### WHAT THE TASK REQUIRES:
Print each entry precisely; exclude the pictures.
[[ MATERIALS PROVIDED, beginning ]]
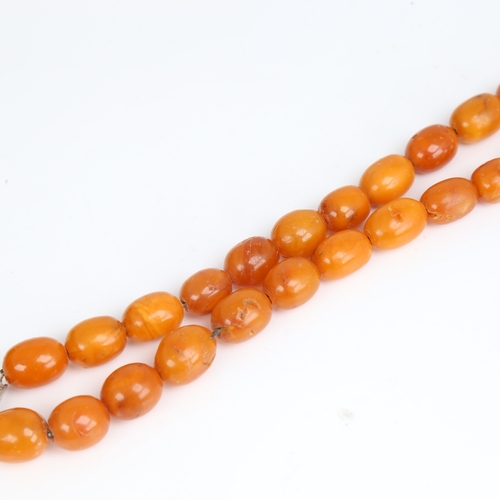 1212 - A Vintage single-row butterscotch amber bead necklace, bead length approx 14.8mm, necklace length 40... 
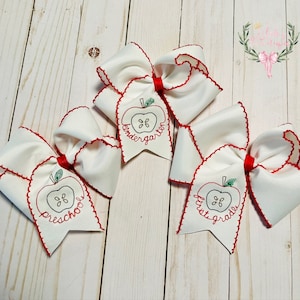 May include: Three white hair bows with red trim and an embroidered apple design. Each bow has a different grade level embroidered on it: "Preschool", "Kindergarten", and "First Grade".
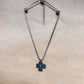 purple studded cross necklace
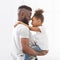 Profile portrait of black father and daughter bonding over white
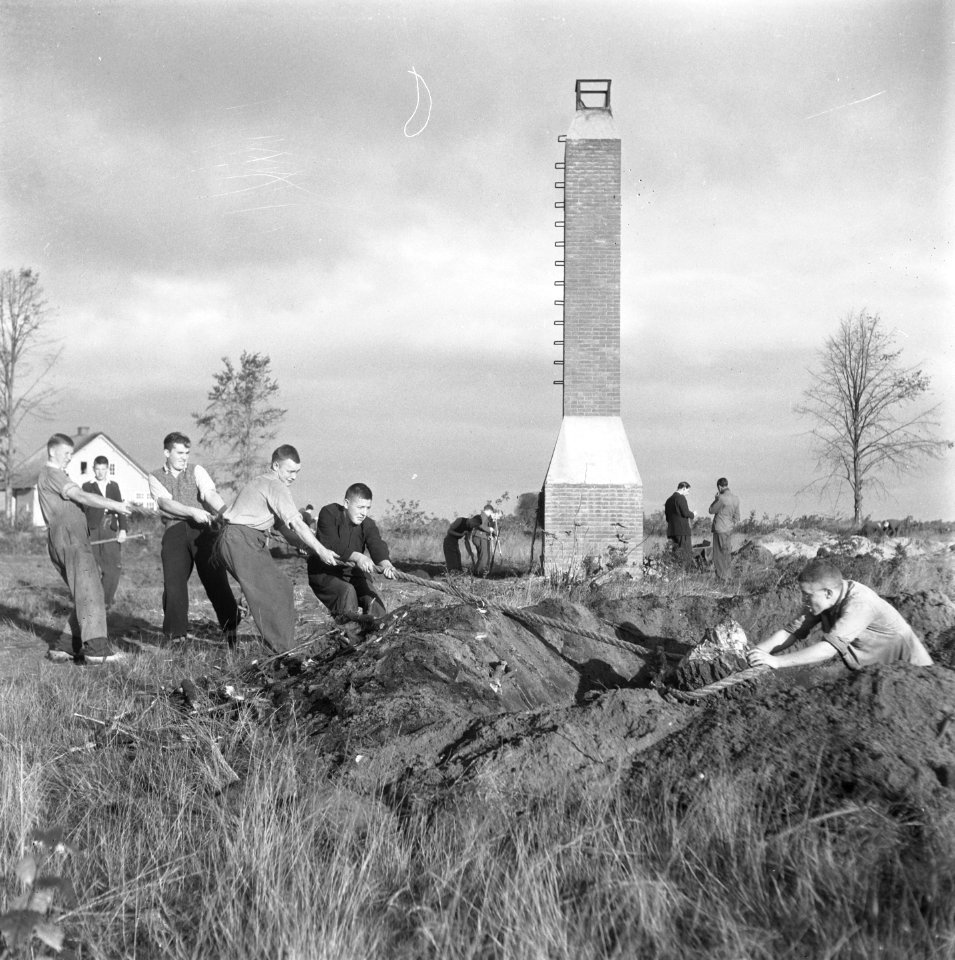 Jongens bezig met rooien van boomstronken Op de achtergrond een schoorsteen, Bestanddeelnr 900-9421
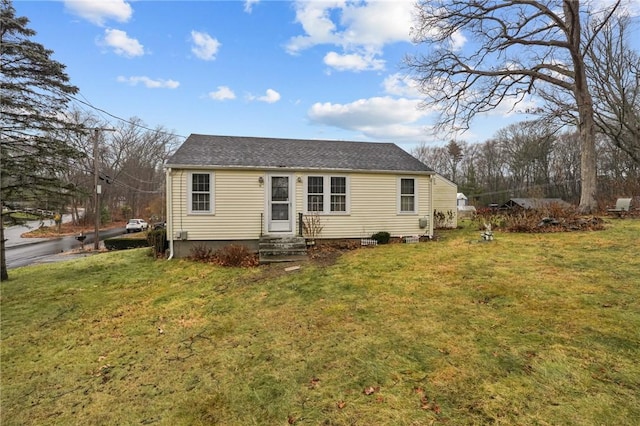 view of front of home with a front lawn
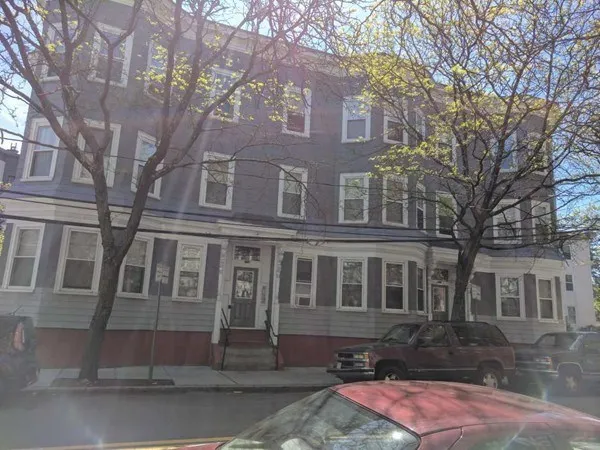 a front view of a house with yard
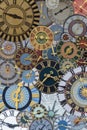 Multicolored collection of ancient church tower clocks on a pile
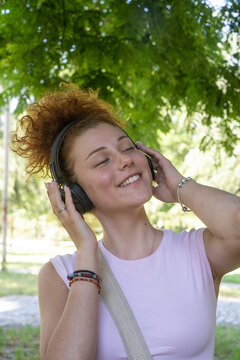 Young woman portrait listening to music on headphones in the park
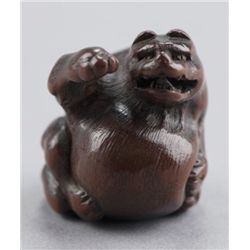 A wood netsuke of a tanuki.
[[ MATERIALS PROVIDED, end ]]
### REPLY:
 1212 - A Vintage single-row butterscotch amber bead necklace, bead length approx 14.8mm, necklace length 40... 
 May include: Three white hair bows with red trim and an embroidered apple design. Each bow has a different grade level embroidered on it: "Preschool", "Kindergarten", and "First Grade".
 purple studded cross necklace
 Profile portrait of black father and daughter bonding over white
 Jongens bezig met rooien van boomstronken Op de achtergrond een schoorsteen, Bestanddeelnr 900-9421
 view of front of home with a front lawn
 a front view of a house with yard
 Multicolored collection of ancient church tower clocks on a pile
 Young woman portrait listening to music on headphones in the park
 A wood netsuke of a tanuki.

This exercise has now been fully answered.